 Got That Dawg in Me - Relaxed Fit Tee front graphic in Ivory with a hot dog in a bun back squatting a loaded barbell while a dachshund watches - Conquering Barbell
══════════
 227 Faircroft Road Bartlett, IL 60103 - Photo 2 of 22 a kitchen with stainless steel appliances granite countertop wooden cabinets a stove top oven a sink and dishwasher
══════════
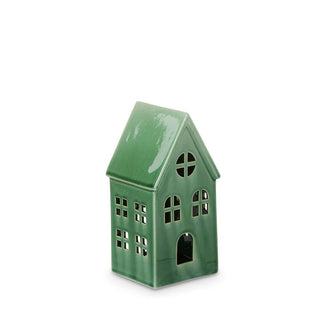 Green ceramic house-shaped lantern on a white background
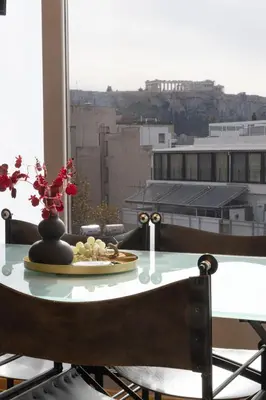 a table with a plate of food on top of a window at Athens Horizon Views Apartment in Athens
══════════
WHAT YOU SHOULD DO:
The answer is the lines above from the one with "Green ceramic house-shaped" to the one with "a table with", set down exactly, with no pictures.

WRITTEN ANSWER:
 Green ceramic house-shaped lantern on a white background
 a table with a plate of food on top of a window at Athens Horizon Views Apartment in Athens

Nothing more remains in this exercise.